Friends,
The FTC just issued a binding consent order against Express Scripts and its parent, Cigna. This is not guidance, not a press release, and not optional. It is a 10-year federal mandate that fundamentally changes how pharmacy benefits must be designed, priced, and disclosed.
Here is the plain-English version of what just happened.
First, Express Scripts can no longer favor high list price drugs over lower list price versions of the same medication just to chase rebates. If a lower-priced version exists and costs the plan the same or less, it must be covered at least as favorably. No worse tiers. No extra hurdles.
Second, members can no longer be charged more out of pocket than the actual net cost of the drug. That means no more list-price-based coinsurance games. This applies to all plan types, including high deductible health plans, and it explicitly applies to Cigna fully insured plans.
Third, Express Scripts is required to give plan sponsors access to programs that lower member costs, including insulin affordability programs and point-of-sale cost reductions. Employers can opt out, but only if they do so in writing after acknowledging they are declining a more consumer-friendly option. That paper trail matters.
Fourth, insulin gets special protection. If insulin is covered under their affordability program, every member must have access unless the employer opts out in writing. Member insulin costs must be lower than what the standard plan design would otherwise require.
Fifth, this order blows up the traditional PBM money model. Express Scripts must eliminate spread pricing, stop guaranteeing rebate dollars, and pass rebates and discounts to members at the point of sale. Manufacturer compensation can no longer be tied to inflated list prices.
Sixth, transparency is no longer optional. Express Scripts must provide drug-level and claim-level reporting, support federal transparency rules, and fully disclose any compensation paid to brokers or consultants.
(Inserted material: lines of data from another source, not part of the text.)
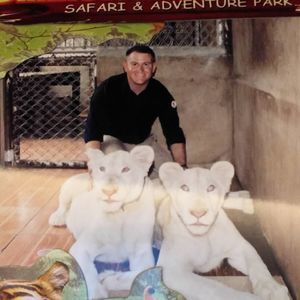 Meet your Posher, Travis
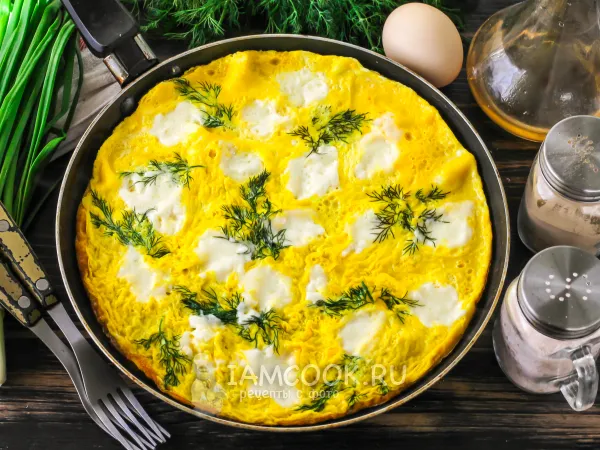 Фото готового блюда: Омлет с моцареллой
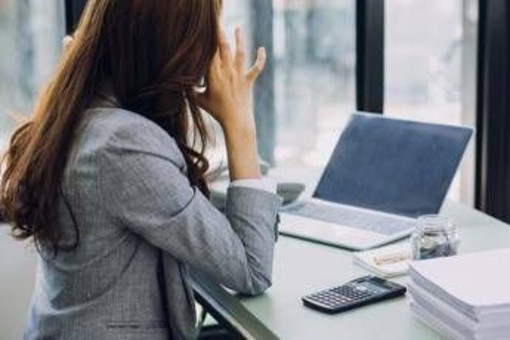 Molestie sul lavoro, anche carezze e confidenze non richieste possono essere risarcite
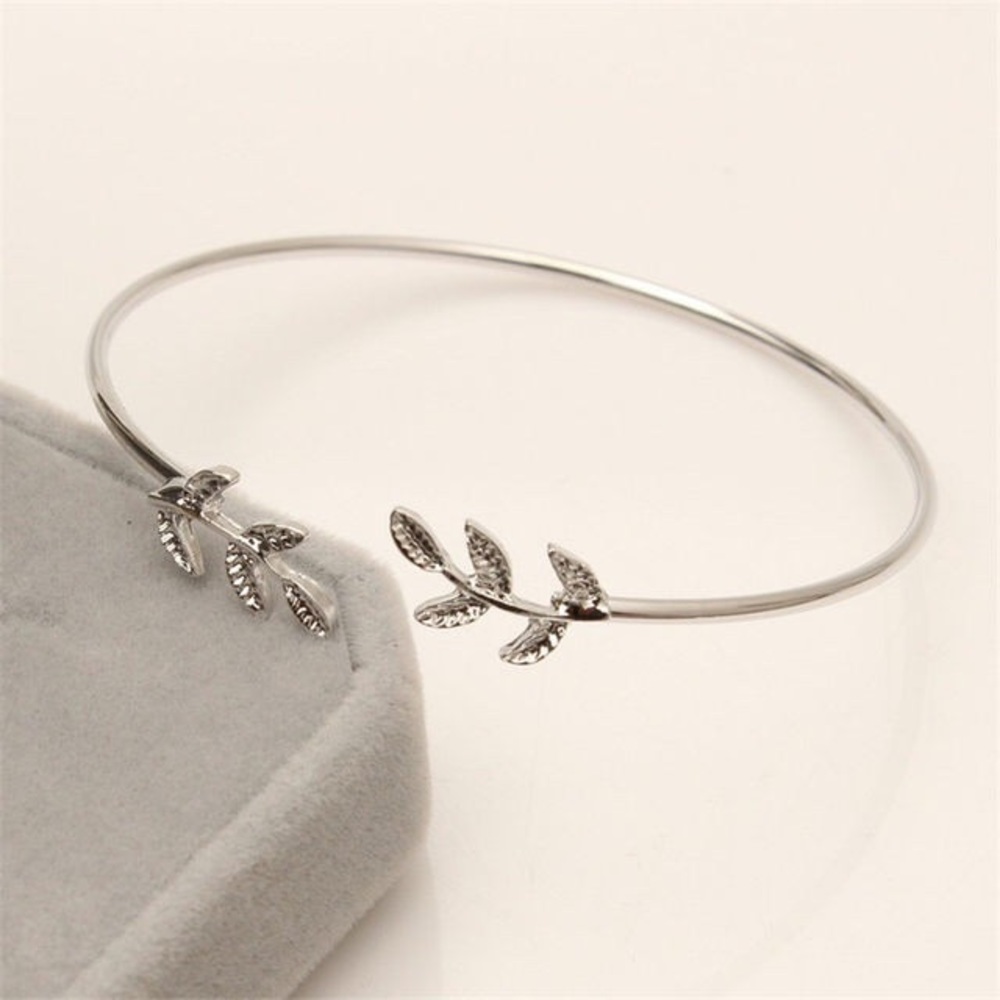 Handmade Metal/Silver Cuff Opening Bracelet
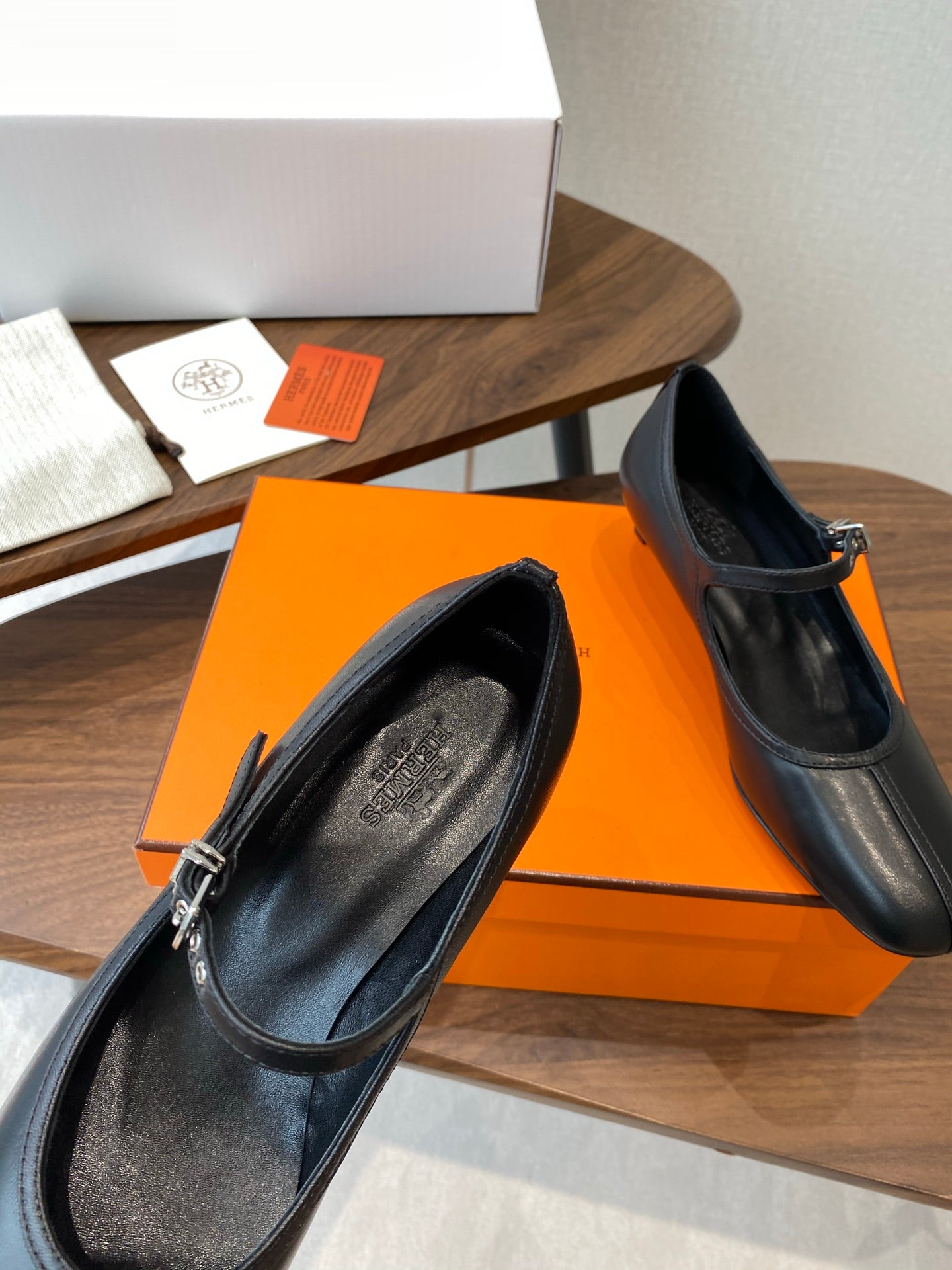 HM  25s Mary Jane 40mm Black  Calfskin 422570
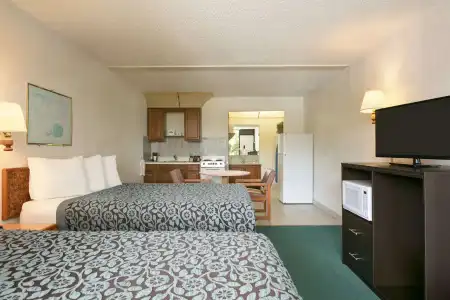 Days Inn by Wyndham Clearwater/Gulf to Bay - 5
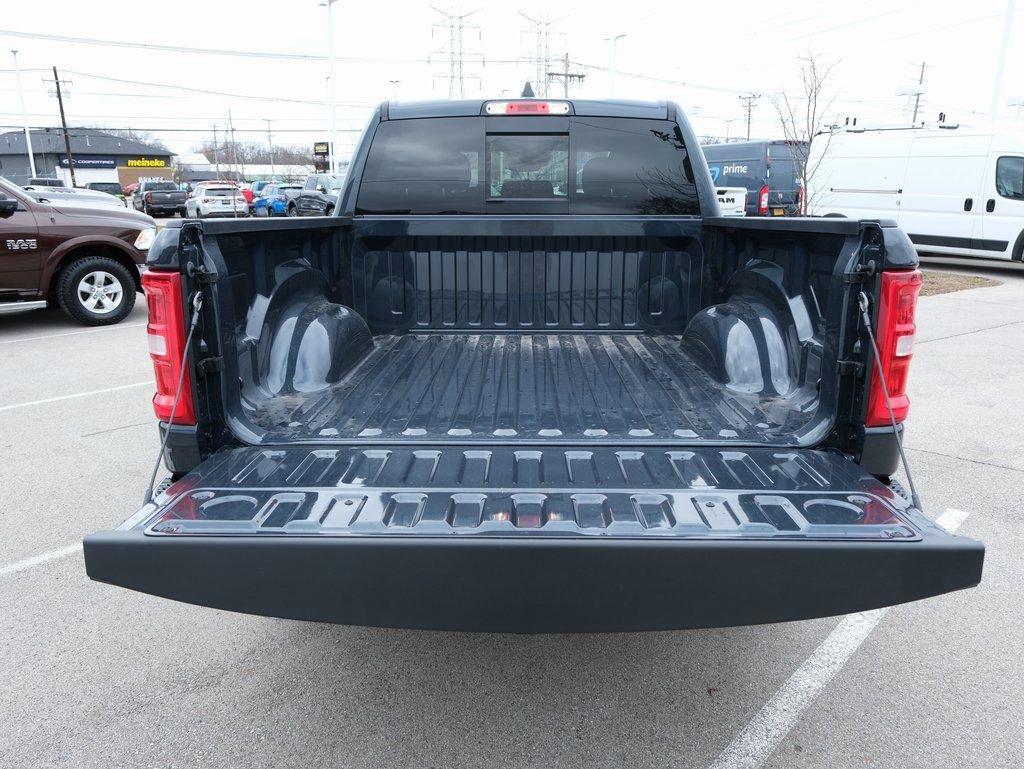 New 2026 RAM 1500 4x4 Crew Cab image 31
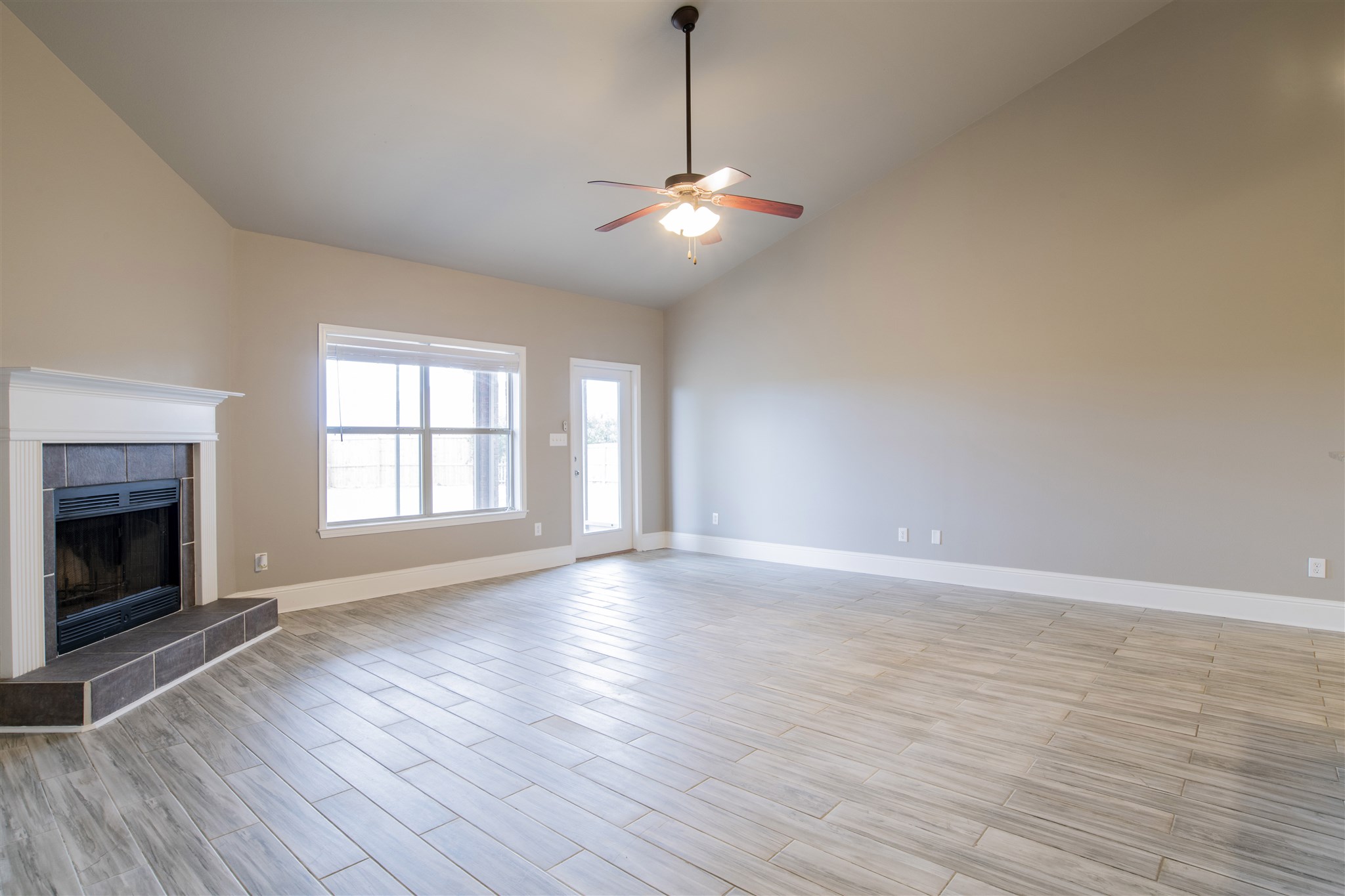9301 Pembrook Loop Fairhope, AL 36532 - Photo 4 of 32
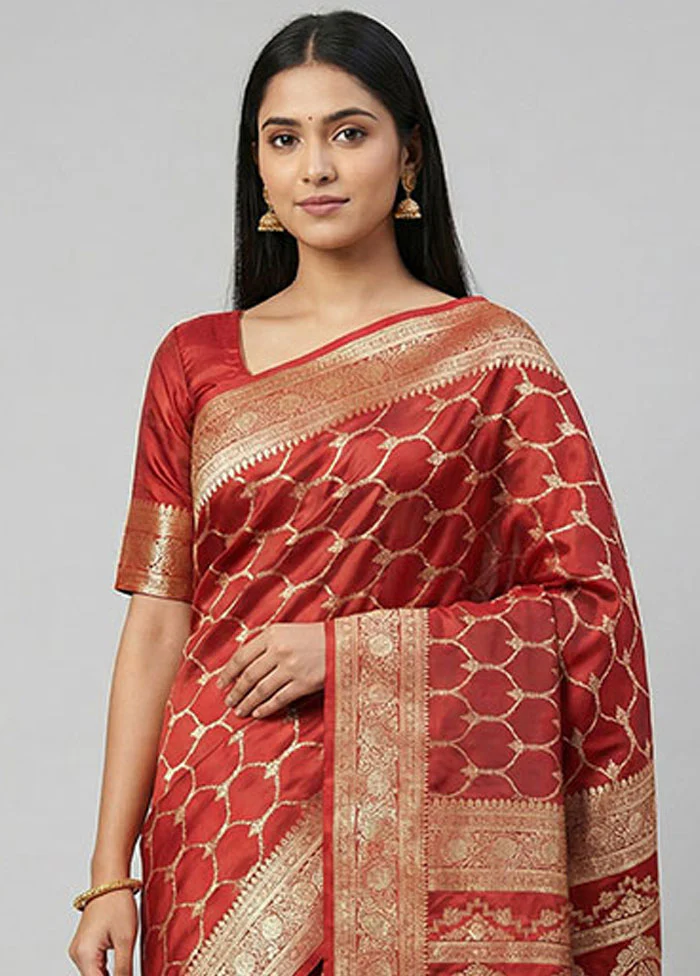 Multicolor Tanchoi Silk Saree With Blouse Piece - Image 2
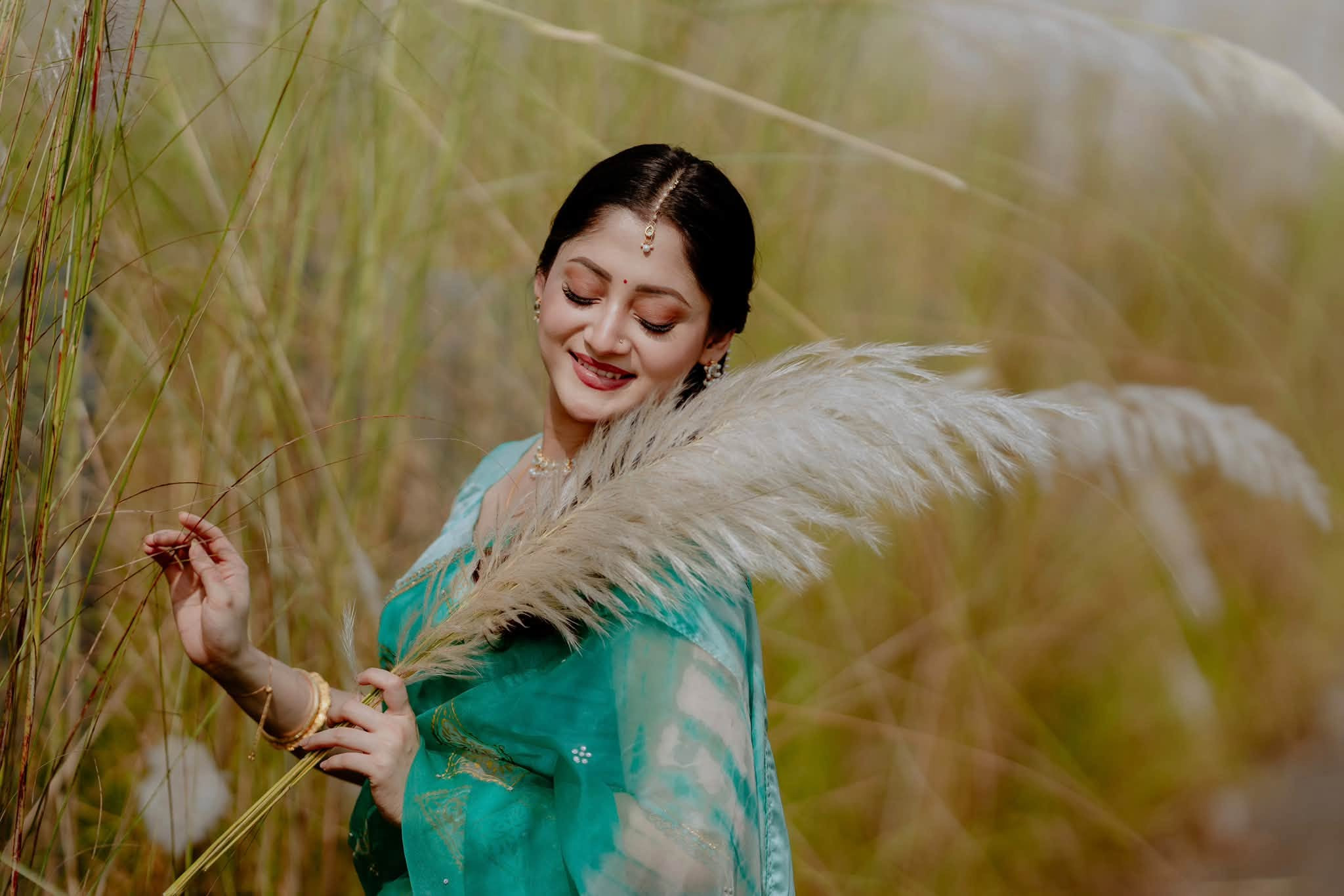 কাশবনে পূজা চেরী। ছবি : অভিনেত্রীর ফেসবুক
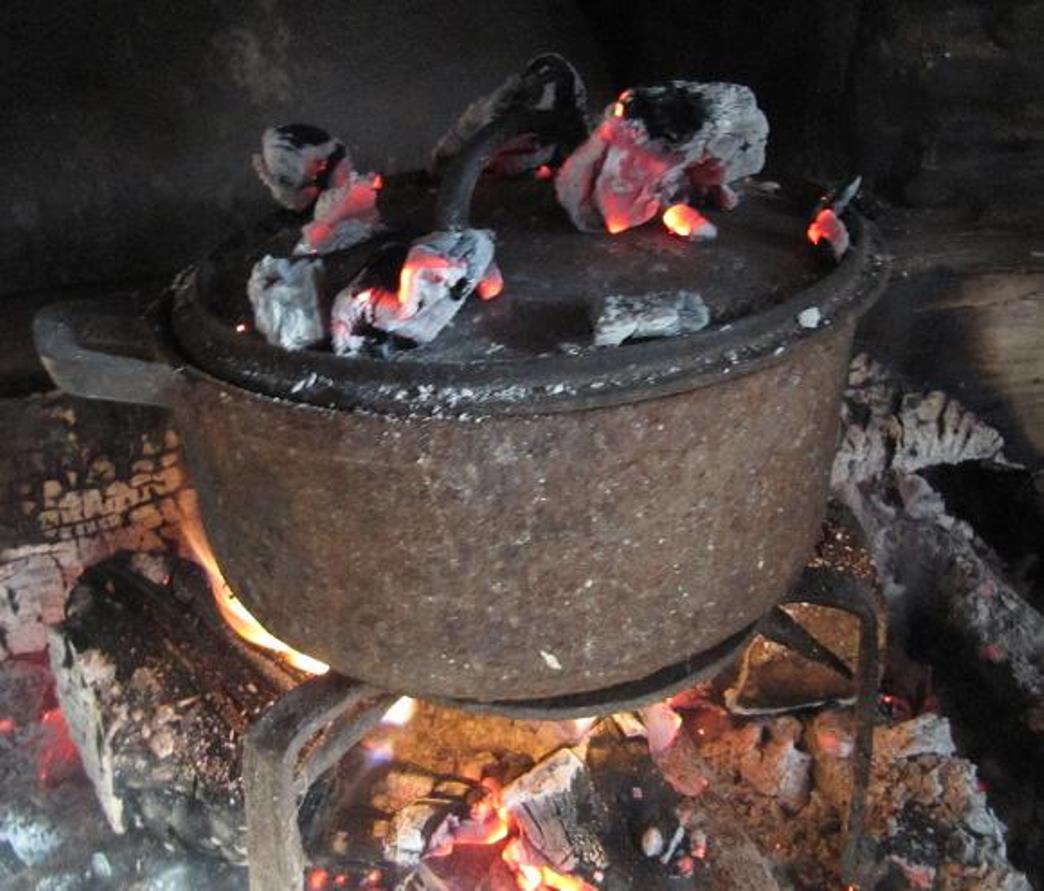 Far des monts d'Arrée cuit feu dessous, feu dessus (ou four au foyer) - Photo : Patrick Hervé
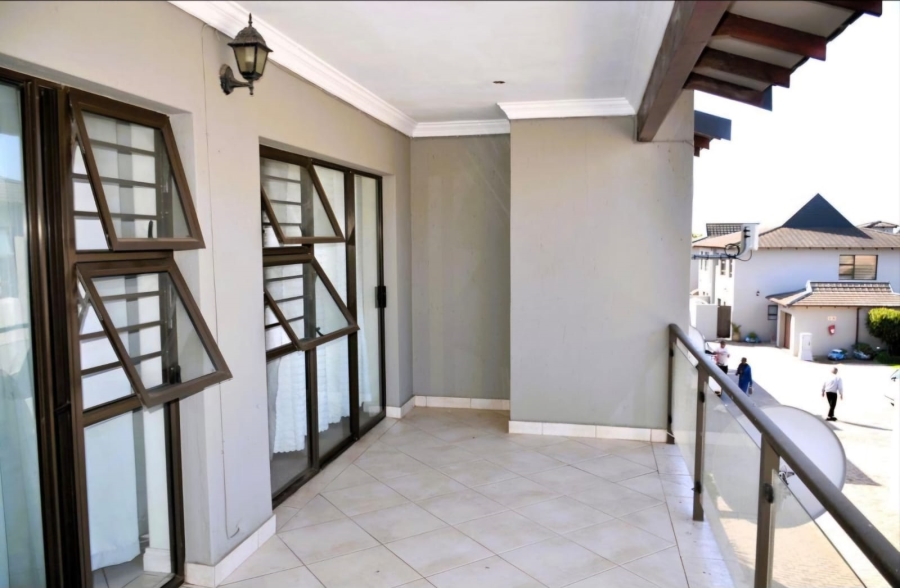 3 Bedroom Property for Sale in Wavecrest Eastern Cape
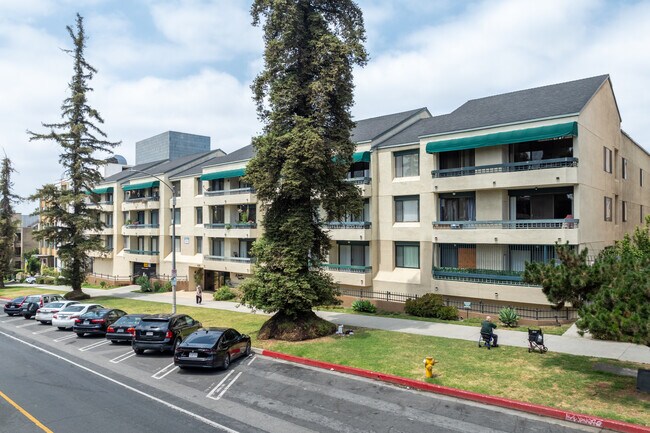 La Fayette Park Towers Condominiums in Los Angeles, CA - Building Photo - Building Photo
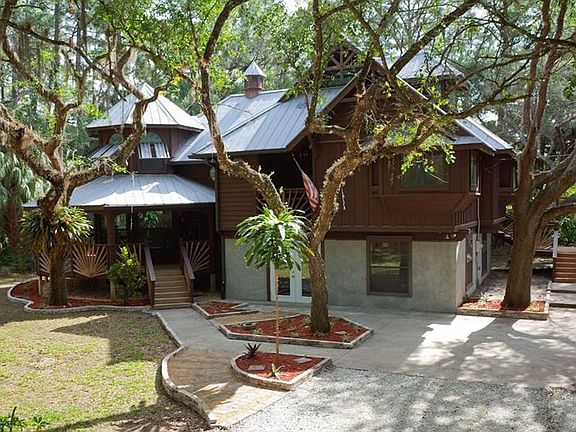 2nd image of 6796 N Biscayne Dr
Seventh, independent pharmacies must be paid based on actual acquisition cost plus a dispensing fee, and paid separately for clinical services. No more exclusionary tactics disguised as network design.
Eighth, Express Scripts is required to actively promote this compliant “standard offering” and spend at least $10 million a year marketing it. They cannot bury it, disparage it, or quietly steer employers away from it.
There is also federal monitoring, mandatory reporting, and enforcement behind all of this.
Why this matters.
This order establishes a new baseline for what fair, reasonable, and fiduciary-aligned pharmacy benefits look like. If an employer is offered a Cigna or Express Scripts plan that still relies on list prices, rebate guarantees, spread pricing, or opaque compensation, the obvious question becomes why they are being sold something worse than what the FTC now requires as a standard option.
That is not just a pricing issue anymore. That is a fiduciary issue.
This is one of the most consequential PBM developments in years, and it will change plan design conversations, whether people realize it yet or not.